Re: [PATCH v5 3/4] zram: zram memory size limitation

From: David Horner
Date: Wed Aug 27 2014 - 10:45:00 EST


On Wed, Aug 27, 2014 at 10:03 AM, Dan Streetman <ddstreet@xxxxxxxx> wrote:
> On Tue, Aug 26, 2014 at 10:51 PM, Minchan Kim <minchan@xxxxxxxxxx> wrote:
>> Hey Joonsoo,
>>
>> On Wed, Aug 27, 2014 at 10:26:11AM +0900, Joonsoo Kim wrote:
>>> Hello, Minchan and David.
>>>
>>> On Tue, Aug 26, 2014 at 08:22:29AM -0400, David Horner wrote:
>>> > On Tue, Aug 26, 2014 at 3:55 AM, Minchan Kim <minchan@xxxxxxxxxx> wrote:
>>> > > Hey Joonsoo,
>>> > >
>>> > > On Tue, Aug 26, 2014 at 04:37:30PM +0900, Joonsoo Kim wrote:
>>> > >> On Mon, Aug 25, 2014 at 09:05:55AM +0900, Minchan Kim wrote:
>>> > >> > @@ -513,6 +540,14 @@ static int zram_bvec_write(struct zram *zram, struct bio_vec *bvec, u32 index,
>>> > >> > ret = -ENOMEM;
>>> > >> > goto out;
>>> > >> > }
>>> > >> > +
>>> > >> > + if (zram->limit_pages &&
>>> > >> > + zs_get_total_pages(meta->mem_pool) > zram->limit_pages) {
>>> > >> > + zs_free(meta->mem_pool, handle);
>>> > >> > + ret = -ENOMEM;
>>> > >> > + goto out;
>>> > >> > + }
>>> > >> > +
>>> > >> > cmem = zs_map_object(meta->mem_pool, handle, ZS_MM_WO);
>>> > >>
>>> > >> Hello,
>>> > >>
>>> > >> I don't follow up previous discussion, so I could be wrong.
>>> > >> Why this enforcement should be here?
>>> > >>
>>> > >> I think that this has two problems.
>>> > >> 1) alloc/free happens unnecessarilly if we have used memory over the
>>> > >> limitation.
>>> > >
>>> > > True but firstly, I implemented the logic in zsmalloc, not zram but
>>> > > as I described in cover-letter, it's not a requirement of zsmalloc
>>> > > but zram so it should be in there.

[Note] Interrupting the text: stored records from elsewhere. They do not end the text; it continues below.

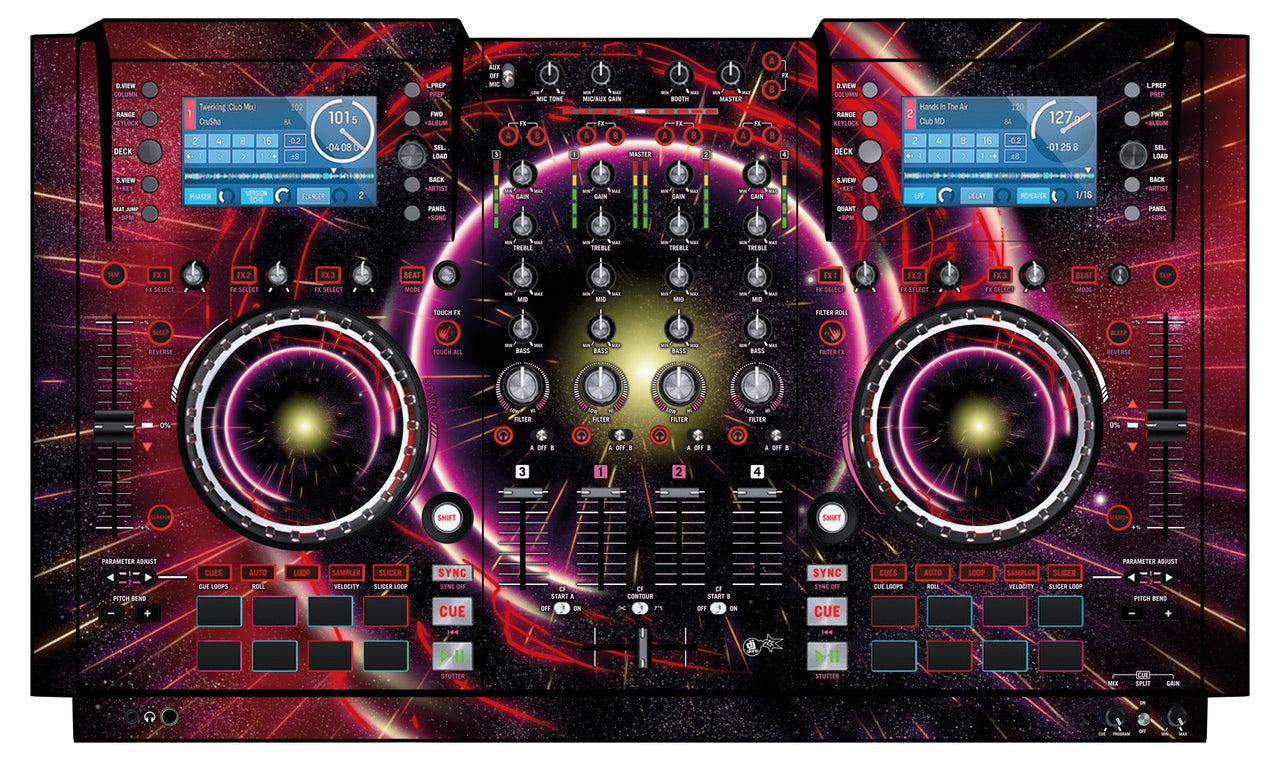 Numark NV 2 Skin Futurewarp
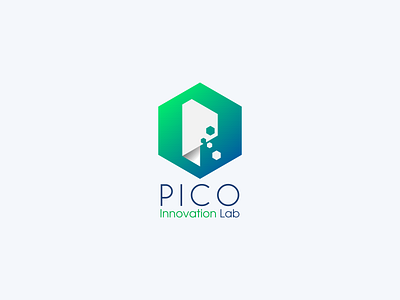 Pico branding design green illustration logo technology vector work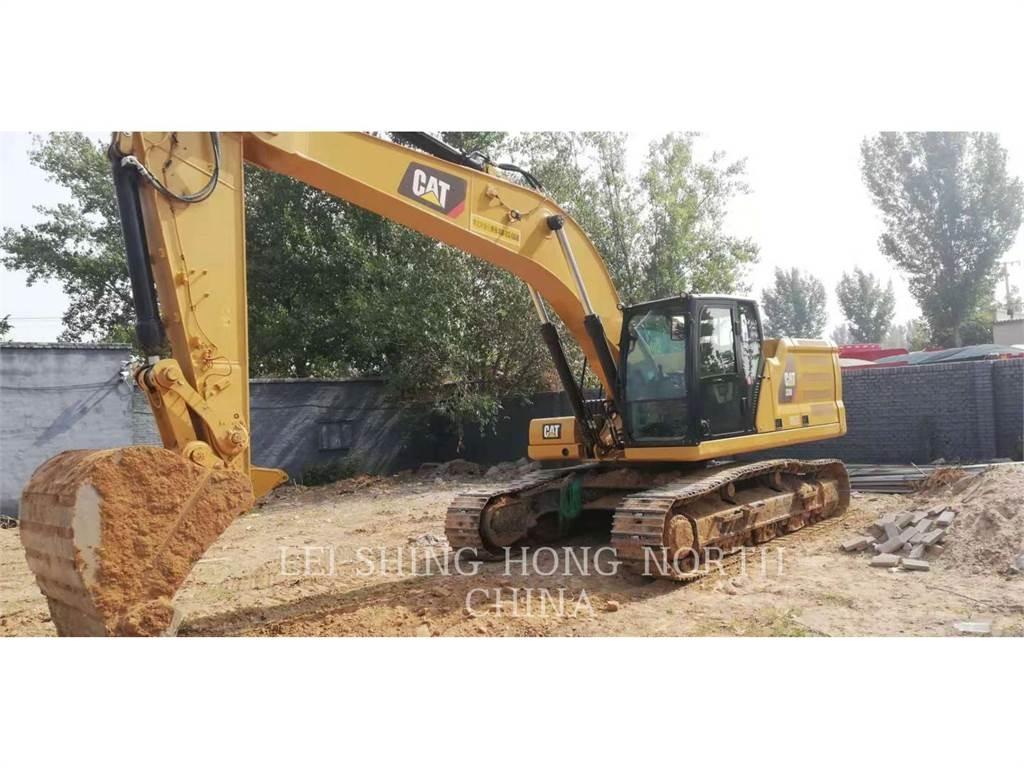 CAT 330-07 Bandgrävare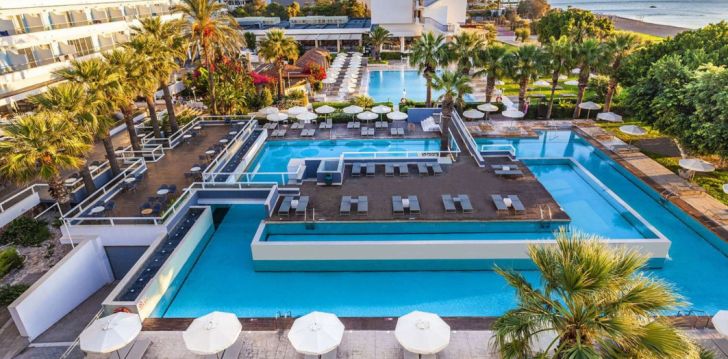 BLUE SEA BEACH RESORT - klientų vertinamas, kaip geras kainos ir kokybės santykis.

If every user want it in future,
>>> > > then we could move the function into zsmalloc. That's what we
>>> > > concluded in previous discussion.
>>>
>>> Hmm...
>>> Problem is that we can't avoid these unnecessary overhead in this
>>> implementation. If we can implement this feature in zram efficiently,
>>> it's okay. But, I think that current form isn't.
>>
>>
>> If we can add it in zsmalloc, it would be more clean and efficient
>> for zram but as I said, at the moment, I didn't want to put zram's
>> requirement into zsmalloc because to me, it's weird to enforce max
>> limit to allocator. It's client's role, I think.
>>
>> If current implementation is expensive and rather hard to follow,
>> It would be one reason to move the feature into zsmalloc but
>> I don't think it makes critical trobule in zram usecase.
>> See below.
>>
>> But I still open and will wait others's opinion.
>> If other guys think zsmalloc is better place, I am willing to move
>> it into zsmalloc.
>
> Moving it into zsmalloc would allow rejecting new zsmallocs before
> actually crossing the limit, since it can calculate that internally.
> However, with the current patches the limit will only be briefly
> crossed, and it should not be crossed by a large amount. Now, if this
> is happening repeatedly and quickly during extreme memory pressure,
> the constant alloc/free will clearly be worse than a simple internal
> calculation and failure. But would it ever happen repeatedly once the
> zram limit is reached?
>
> Now that I'm thinking about the limit from the perspective of the zram
> user, I wonder what really will happen. If zram is being used for
> swap space, then when swap starts getting errors trying to write
> pages, how damaging will that be to the system? I haven't checked
> what swap does when it encounters disk errors. Of course, with no
> zram limit, continually writing to zram until memory is totally
> consumed isn't good either. But in any case, I would hope that swap
> would not repeatedly hammer on a disk when it's getting write failures
> from it.
>
> Alternately, if zram was being used as a compressed ram disk for
> regular file storage, it's entirely up to the application to handle
> write failures, so it may continue to try to write to a full zram
> disk.
>
> As far as what the zsmalloc api would look like with the limit added,
> it would need a setter and getter function (adding it as a param to
> the create function would be optional i think). But more importantly,
> it would need to handle multiple ways of specifying the limit. In our
> specific current use cases, zram and zswap, each handles their
> internal limit differently - zswap currently uses a % of total ram as
> its limit (defaulting to 20), while with these patches zram will use a
> specific number of bytes as its limit (defaulting to no limit). If
> the limiting mechanism is moved into zsmalloc (and possibly zbud),
> then either both users need to use the same units (bytes or %ram), or
> zsmalloc/zbud need to be able to set their limit in either units. It
> seems to me like keeping the limit in zram/zswap is currently
> preferable, at least without both using the same limit units.
>

zswap knows what 20% (or whatever % it currently uses , and perhaps it too
will become a tuning knob) of memory is in bytes.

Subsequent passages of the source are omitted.